### ACTIVITY
Once you reach the line with "1.52 ct. oval Lab Grown Diamond front image" below, copy each line exactly, stopping after the line with "VENTURE DESIGN Olivia", and skip any pictures.
Segment Start: LISTED ENTRIES
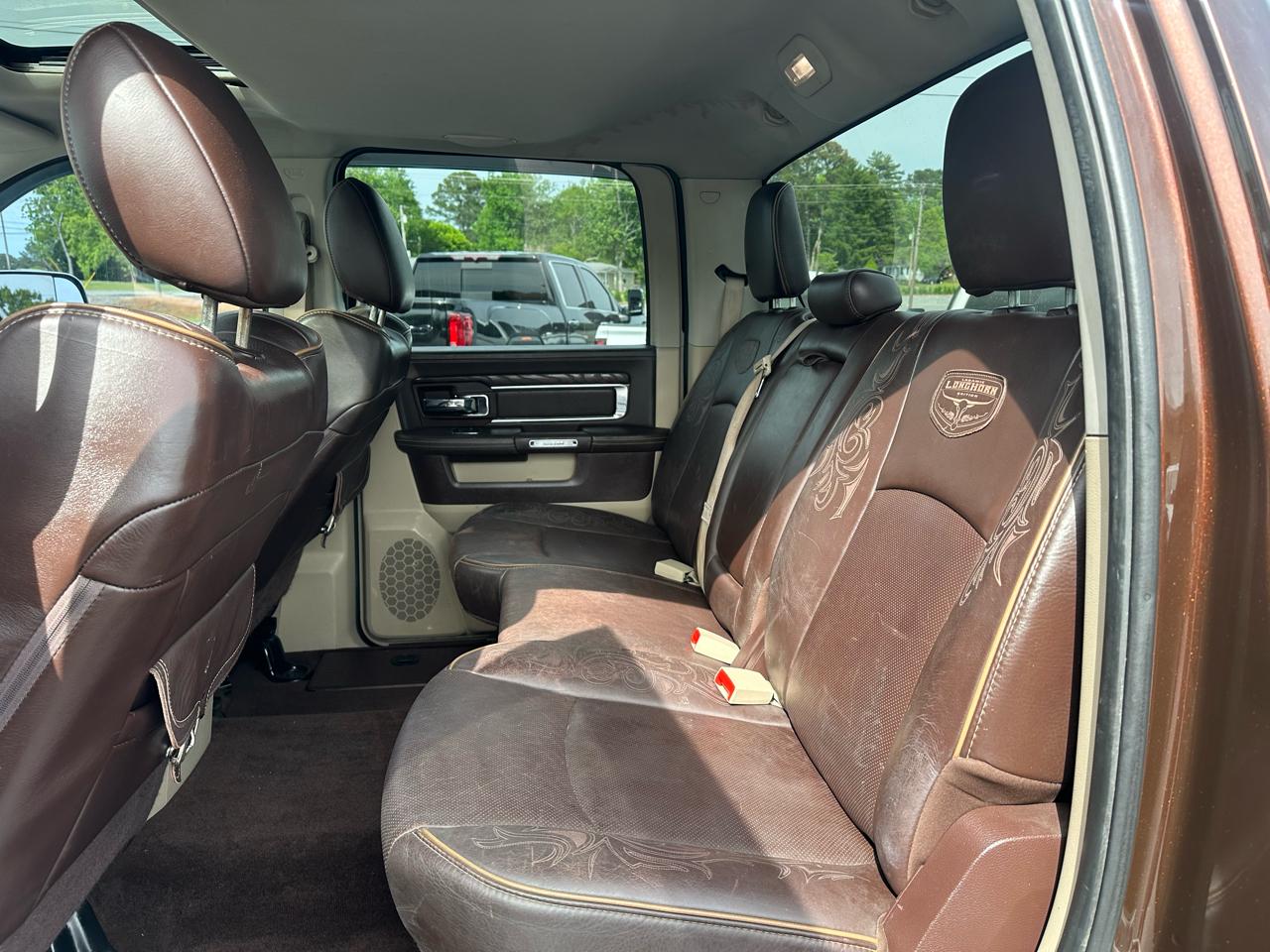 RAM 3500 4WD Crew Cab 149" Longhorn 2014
Segment End: LISTED ENTRIES
Segment Start: LISTED ENTRIES
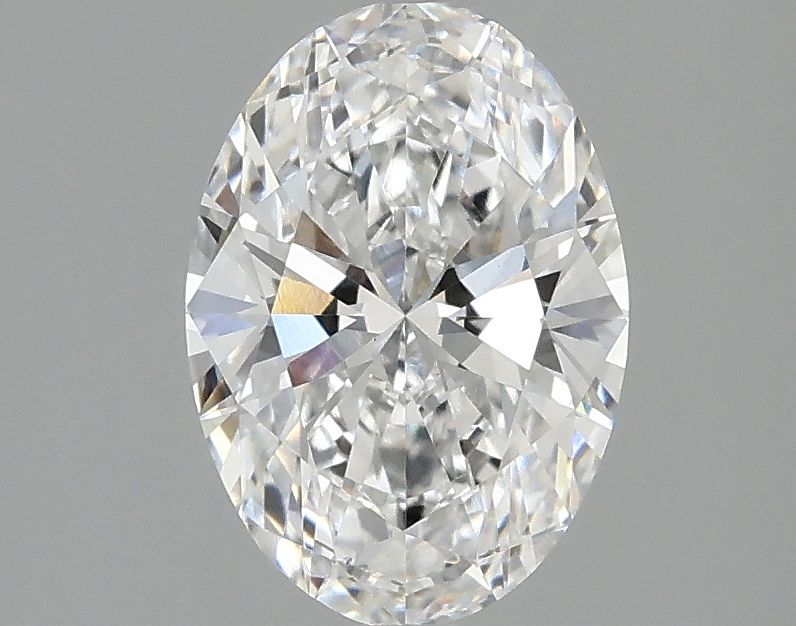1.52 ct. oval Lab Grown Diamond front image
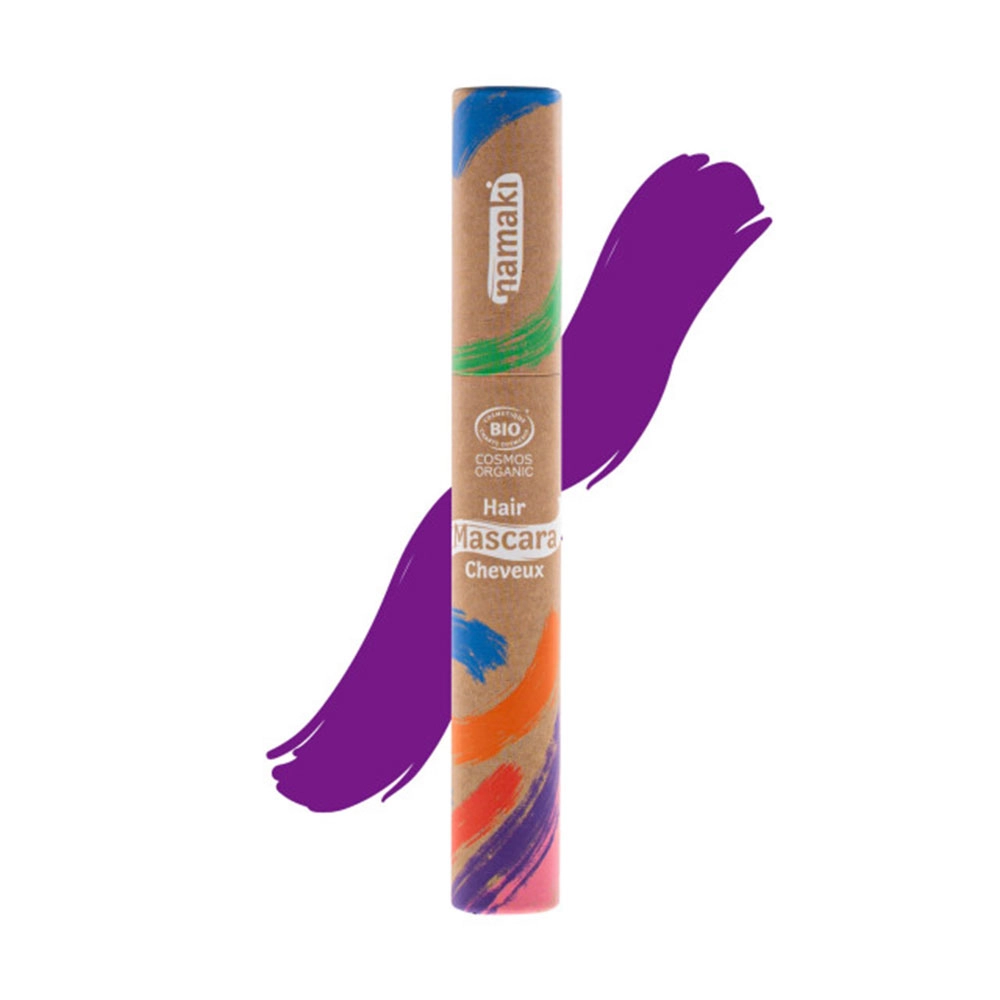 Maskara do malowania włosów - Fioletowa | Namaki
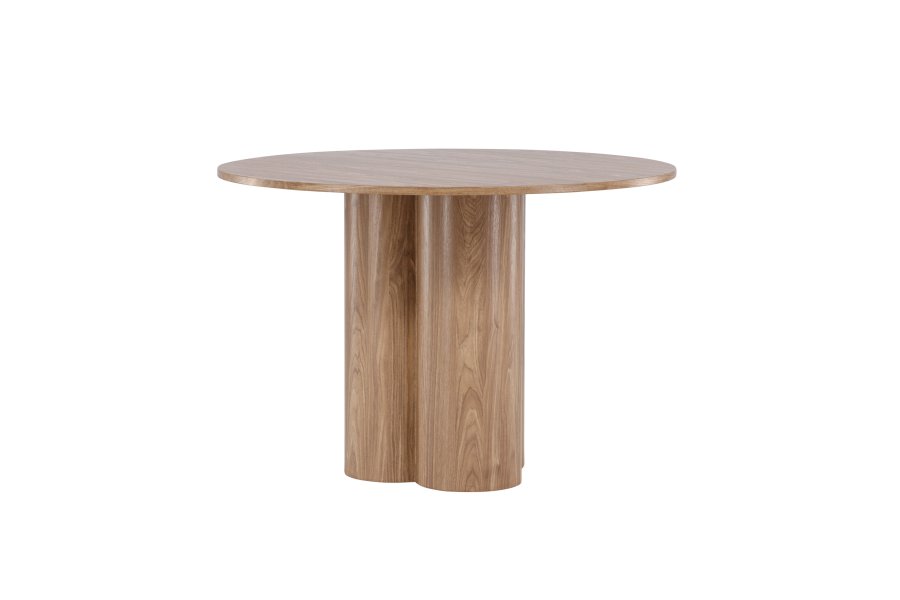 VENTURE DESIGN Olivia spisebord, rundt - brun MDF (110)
Segment End: LISTED ENTRIES
### OUTPUT OF THE EXERCISE
1.52 ct. oval Lab Grown Diamond front image
 Maskara do malowania włosów - Fioletowa | Namaki
 VENTURE DESIGN Olivia spisebord, rundt - brun MDF (110)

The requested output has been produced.